I can read incoming voltage and current on each leg shore power or gendet at the helm. I assume you don't have this?
 
I can read incoming voltage and current on each leg shore power or gendet at the helm. I assume you don't have this?

No. There is no AC Ammeter currently installed, and it’s a shortcoming, IMO. You can do the rough calculations in your head from equipment specifications, but draws such as water heaters are difficult to take into account as they switch on and off silently. I would like to have the measurement of current take place on the wires exiting the switch so the draws on both shore and generator sources are monitored.

Jim
 
Very good Greg. I have seen the Maretron option and had considered it as I already have a limited Maratron N2K system, but it would have been a bigger investment than I was prepared to make right now.
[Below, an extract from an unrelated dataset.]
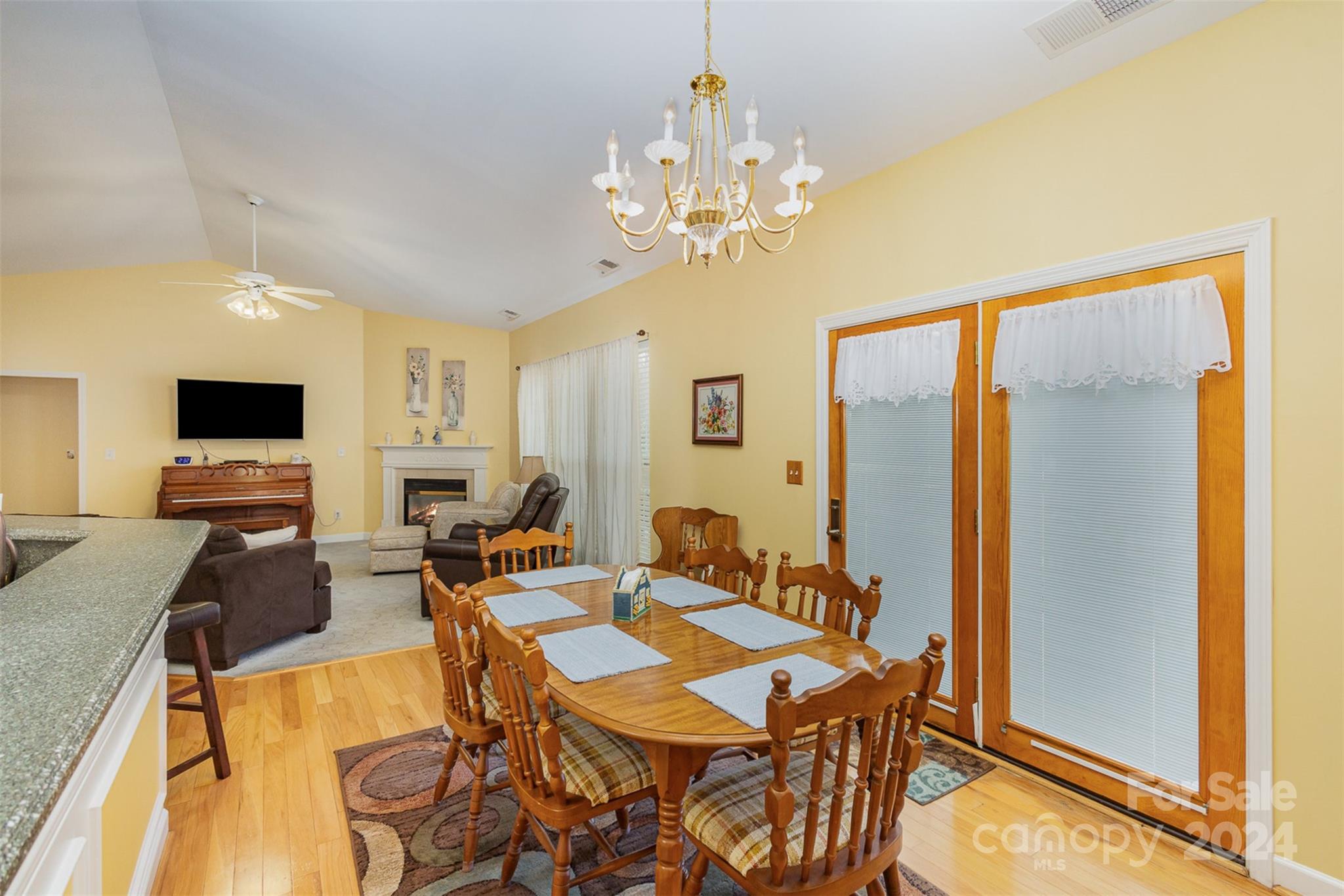 Colton Ridge - Residential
I got a simple analogue Blue Sea ammeter and that will suffice for my purposes.

Jim

Jim
The primary expense of your system is done. Building out the system is not that costly. You do need the marathon monitor boxes. You get up to 6 channels each. You do not need to use the maretron sensors witch saves a lot.
 
I finally finished this up a couple of weeks ago. Note that I put additional overcurrent protection on the panel as the panel lighting uses 22 gauge. Here are the results.

IMG_7138.jpg

Hmmm! Not sure why the second photo is on its side!